Когда-то истинный ленинградец Сергей Довлатов заметил: «Юмор – украшение нации. В самые дикие, самые беспросветные годы не умирала язвительная и горькая, простодушная и затейливая российская шутка. Хочется думать – пока мы способны шутить, мы остаемся великим народом». Времена беспросветные наступили, но что-то (не)затейливой шуткой не пахнет.

«Пиво свежее, остались пирожки с мясом, лимонад, печенье…» Лицо задумчивое, отрешенное, розовое. Глаза с поволокой. А зад… Надо же придумать: «… а праздничное шествие»…

Тени, тени… Генерал-фельдцейхмейстер шотландец Яков Брюс, младший брат Романа Брюса, первого обер-коменданта Санкт-Петербурга, осматривает окраину немецкой слободы. Топко, гибло. Однако вверенному ему Литейному двору необходима лютеранская церковь и школа при ней. Капля в море. Но капля и камень точит. Сам Яков Вилимович знает шесть европейских языков, его личная библиотека насчитывает полторы тысячи томов, сейчас он заканчивает русско-голландский словарь. Им созданный учебник по геометрии – первый в России – уже обязателен в Навигационной школе. Поэтому его не любят – белая ворона – называют чернокнижником, чародеем, масоном. Последнее – верно. Яков Вилимович – первый русский масон. Не любят, но держат. И Петр Лексеич жалует, и сам Яков Вилимович сторонкой держится, не в подозрении, что какой партии благоволит, но, главное, как без него артиллерию наладить и науки вводить… Стоп! Место для кирхи выбрано. Полностью достроенное здание было освящено в Вербное воскресенье 1722 года, Богослужение провел Пастор-на-Неве – Иоганн Леонард Шаттер. Яков Брюс, уже в графское достоинство возведенный в знак Высочайшей благодарности за дипломатическую викторию на Ништадтском конгрессе, был доволен своим выбором. Славная кирха…

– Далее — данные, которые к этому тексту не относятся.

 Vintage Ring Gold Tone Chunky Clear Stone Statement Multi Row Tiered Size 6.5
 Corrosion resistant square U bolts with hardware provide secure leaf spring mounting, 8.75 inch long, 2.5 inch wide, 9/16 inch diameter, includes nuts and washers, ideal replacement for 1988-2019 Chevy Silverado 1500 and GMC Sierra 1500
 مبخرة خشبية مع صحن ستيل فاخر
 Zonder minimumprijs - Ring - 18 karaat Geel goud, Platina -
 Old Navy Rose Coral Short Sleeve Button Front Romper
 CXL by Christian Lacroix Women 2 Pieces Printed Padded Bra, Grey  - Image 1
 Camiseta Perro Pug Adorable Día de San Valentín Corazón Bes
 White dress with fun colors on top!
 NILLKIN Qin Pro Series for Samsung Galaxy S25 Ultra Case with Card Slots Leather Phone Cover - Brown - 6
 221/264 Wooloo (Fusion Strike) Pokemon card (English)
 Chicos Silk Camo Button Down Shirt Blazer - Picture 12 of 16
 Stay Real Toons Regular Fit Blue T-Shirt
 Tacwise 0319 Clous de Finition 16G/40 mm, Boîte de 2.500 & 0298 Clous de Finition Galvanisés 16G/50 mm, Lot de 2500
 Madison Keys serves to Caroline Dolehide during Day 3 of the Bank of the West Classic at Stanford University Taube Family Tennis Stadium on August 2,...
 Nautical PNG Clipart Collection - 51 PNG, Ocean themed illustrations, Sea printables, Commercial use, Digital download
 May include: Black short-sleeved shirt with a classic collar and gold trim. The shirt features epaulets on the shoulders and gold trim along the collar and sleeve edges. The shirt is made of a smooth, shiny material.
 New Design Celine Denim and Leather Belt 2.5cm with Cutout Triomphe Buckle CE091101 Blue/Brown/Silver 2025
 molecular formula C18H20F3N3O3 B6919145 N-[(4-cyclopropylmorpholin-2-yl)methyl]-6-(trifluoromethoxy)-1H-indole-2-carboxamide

…Бал выпускников Анненшуле – школы при Анненкирхе. Играет Преображенского лейб-гвардии полка духовой оркестр. Оркестр недавно вернулся из Франции. Там на Всемирной выставке 1897 года в Париже он был признан лучшим духовым оркестром. Командующий полком Великий князь Константин Константинович доволен своим детищем. Он также присутствует на балу. Директор Анненшуле, знаменитый педагог и администратор Йозеф Кениг, произносит в актовой зале на втором этаже (просторной – потолки в два пролета – гулкой, светлой) приветственное слово. Среди присутствующих выпускников прошлых лет В. В. Струве, П. Ф. Лесгафт, Э. Э. Эйхвальд, А. Ф. Кони, А. К. Беггров. Жаль, одноклассник наш, Николай Николаевич Миклухо-Маклай, не дожил, но он – вместе с нами, господа… Царство теней.

…Тени, тени. Молодые энергичные люди гурьбой устремляются к «Спартаку». Два часа перерыв. Как раз успеют на сеанс. Заодно и сентябрьским бодрящим воздухом подышат. От Дома офицеров до «Спартака» – шагов сто – сто пятьдесят. Удобно! В просторном зале душно, так как процесс открытый, народу допущено чрезмерно. Поэтому работать трудно. Хохотать, свистеть, улюлюкать, аплодировать обвинителю. Заморишься в душегубке. А тут такой подарок судьбы – перерыв. Что там в «Спартаке»? «Искатели счастья». Отлично. Этот Пиня – умора. Уж эти еврейчики. Оп-па. Фильм заменен. Но и «Кубанские казаки» хорошо. Новое кино. Праздничное. Соответствует настроению. Сразу показалось странным, что ещё пускают фильм с арестованным Зюскиным и прочей братией. Ротозеи поплатятся, слов нет! Кубанские пролетели незаметно, и опять в зал. Выездная сессия Военной коллегии Верховного суда СССР продолжает проведение открытого процесса участников «Ленинградского дела». Через четыре года, в 1954 году, в том же зале работать будет значительно легче. Публику на выездную сессию Военной коллегии почти не допустят. И правильно. Незачем афишировать процесс по делу организаторов «Ленинградского дела»: В. С. Абакумова, А. Г. Леонова и других членов банды Берия. Дышать в зале будет легко. Опять-таки можно сбегать по тонкому декабрьскому снежку в «Спартак», благо, недалеко – шагов сто – сто пятьдесят. Слов нет, хорошо работать в Доме офицеров. Вот если бы все процессы над врагами здесь проводили. А не танцы с концертами!